TASK TO CARRY OUT
The expected output is every line of the data exactly as shown, minus the images.

PROVIDED DATA
···

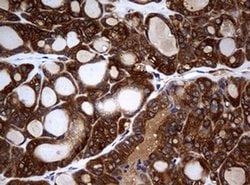 NME1 Monoclonal Antibody (OTI2H10), TrueMAB , OriGene 100 &mu;L; Unconjugated:Antibodies,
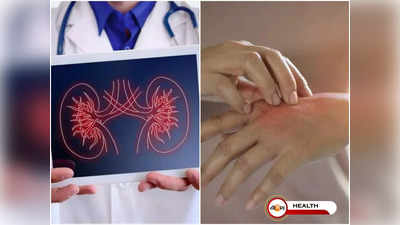 Kidney Disease Symptoms: ত্বকেও দেখা দিতে পারে কিডনির অসুখের লক্ষণ! জানুন দ্রুত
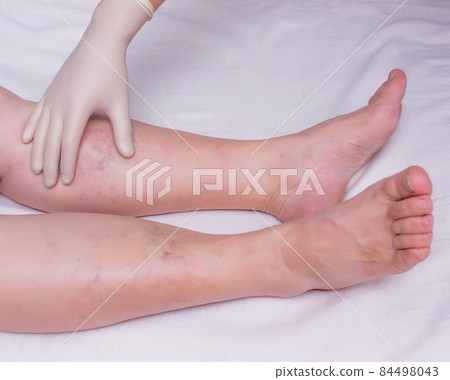 Doctor examines the patient's legs for the presence and degree of varicose veins in the legs, close-up, white background, phlebeurysm woman, hand 84498043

···

TASK RESPONSE
 NME1 Monoclonal Antibody (OTI2H10), TrueMAB , OriGene 100 &mu;L; Unconjugated:Antibodies,
 Kidney Disease Symptoms: ত্বকেও দেখা দিতে পারে কিডনির অসুখের লক্ষণ! জানুন দ্রুত
 Doctor examines the patient's legs for the presence and degree of varicose veins in the legs, close-up, white background, phlebeurysm woman, hand 84498043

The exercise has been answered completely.